ASSIGNMENT
Copy the lines word for word. Begin at the line that contains "Черный Мазда 3, объемом" and end with the final line of the data.

+++ MATERIAL PROVIDED

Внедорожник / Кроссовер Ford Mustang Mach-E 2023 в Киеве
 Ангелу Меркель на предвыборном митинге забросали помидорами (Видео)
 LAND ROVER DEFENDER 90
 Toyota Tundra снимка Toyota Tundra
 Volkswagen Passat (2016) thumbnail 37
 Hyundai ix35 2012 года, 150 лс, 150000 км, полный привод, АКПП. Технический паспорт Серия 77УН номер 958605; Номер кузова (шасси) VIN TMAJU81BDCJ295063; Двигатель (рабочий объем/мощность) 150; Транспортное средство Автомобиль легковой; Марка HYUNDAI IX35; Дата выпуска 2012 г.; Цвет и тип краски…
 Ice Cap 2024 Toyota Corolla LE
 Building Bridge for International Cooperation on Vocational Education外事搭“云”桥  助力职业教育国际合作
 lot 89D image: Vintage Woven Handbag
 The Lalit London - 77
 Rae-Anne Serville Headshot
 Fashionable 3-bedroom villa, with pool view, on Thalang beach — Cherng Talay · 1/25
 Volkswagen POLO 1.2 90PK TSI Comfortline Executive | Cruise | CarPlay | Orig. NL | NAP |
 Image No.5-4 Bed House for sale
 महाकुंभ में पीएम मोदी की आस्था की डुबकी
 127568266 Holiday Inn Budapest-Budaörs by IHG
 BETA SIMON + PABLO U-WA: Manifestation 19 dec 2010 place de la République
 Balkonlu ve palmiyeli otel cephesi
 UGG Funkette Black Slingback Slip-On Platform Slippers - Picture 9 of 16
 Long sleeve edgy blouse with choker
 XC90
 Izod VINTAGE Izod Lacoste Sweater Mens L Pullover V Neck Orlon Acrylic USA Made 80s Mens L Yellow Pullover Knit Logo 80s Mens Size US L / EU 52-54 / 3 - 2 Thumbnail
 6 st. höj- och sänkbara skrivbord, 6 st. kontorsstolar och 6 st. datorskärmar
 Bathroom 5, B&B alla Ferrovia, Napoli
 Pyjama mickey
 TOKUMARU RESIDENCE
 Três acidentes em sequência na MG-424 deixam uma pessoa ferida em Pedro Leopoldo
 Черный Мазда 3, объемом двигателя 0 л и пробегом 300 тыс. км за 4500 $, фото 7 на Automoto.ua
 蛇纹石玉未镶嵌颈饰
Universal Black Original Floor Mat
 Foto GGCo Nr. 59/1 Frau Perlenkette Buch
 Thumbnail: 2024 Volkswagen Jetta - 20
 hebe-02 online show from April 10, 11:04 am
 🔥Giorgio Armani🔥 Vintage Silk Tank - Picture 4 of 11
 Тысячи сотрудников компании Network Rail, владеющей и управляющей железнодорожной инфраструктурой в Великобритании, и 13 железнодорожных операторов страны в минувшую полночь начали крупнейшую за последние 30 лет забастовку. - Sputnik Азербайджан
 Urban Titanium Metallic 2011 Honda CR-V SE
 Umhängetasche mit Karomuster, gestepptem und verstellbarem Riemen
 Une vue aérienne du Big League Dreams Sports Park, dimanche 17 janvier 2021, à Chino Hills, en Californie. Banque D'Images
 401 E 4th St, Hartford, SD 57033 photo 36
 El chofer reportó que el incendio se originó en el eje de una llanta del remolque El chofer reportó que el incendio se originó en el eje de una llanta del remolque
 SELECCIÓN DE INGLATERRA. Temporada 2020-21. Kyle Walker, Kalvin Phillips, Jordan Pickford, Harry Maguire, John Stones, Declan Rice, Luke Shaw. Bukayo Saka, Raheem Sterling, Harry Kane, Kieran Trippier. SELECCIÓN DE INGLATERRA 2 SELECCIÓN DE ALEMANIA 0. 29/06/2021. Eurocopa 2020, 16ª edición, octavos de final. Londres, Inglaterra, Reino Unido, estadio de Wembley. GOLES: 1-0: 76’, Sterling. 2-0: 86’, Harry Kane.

++++++

RESPONSE BELOW
 Черный Мазда 3, объемом двигателя 0 л и пробегом 300 тыс. км за 4500 $, фото 7 на Automoto.ua
 蛇纹石玉未镶嵌颈饰
Universal Black Original Floor Mat
 Foto GGCo Nr. 59/1 Frau Perlenkette Buch
 Thumbnail: 2024 Volkswagen Jetta - 20
 hebe-02 online show from April 10, 11:04 am
 🔥Giorgio Armani🔥 Vintage Silk Tank - Picture 4 of 11
 Тысячи сотрудников компании Network Rail, владеющей и управляющей железнодорожной инфраструктурой в Великобритании, и 13 железнодорожных операторов страны в минувшую полночь начали крупнейшую за последние 30 лет забастовку. - Sputnik Азербайджан
 Urban Titanium Metallic 2011 Honda CR-V SE
 Umhängetasche mit Karomuster, gestepptem und verstellbarem Riemen
 Une vue aérienne du Big League Dreams Sports Park, dimanche 17 janvier 2021, à Chino Hills, en Californie. Banque D'Images
 401 E 4th St, Hartford, SD 57033 photo 36
 El chofer reportó que el incendio se originó en el eje de una llanta del remolque El chofer reportó que el incendio se originó en el eje de una llanta del remolque
 SELECCIÓN DE INGLATERRA. Temporada 2020-21. Kyle Walker, Kalvin Phillips, Jordan Pickford, Harry Maguire, John Stones, Declan Rice, Luke Shaw. Bukayo Saka, Raheem Sterling, Harry Kane, Kieran Trippier. SELECCIÓN DE INGLATERRA 2 SELECCIÓN DE ALEMANIA 0. 29/06/2021. Eurocopa 2020, 16ª edición, octavos de final. Londres, Inglaterra, Reino Unido, estadio de Wembley. GOLES: 1-0: 76’, Sterling. 2-0: 86’, Harry Kane.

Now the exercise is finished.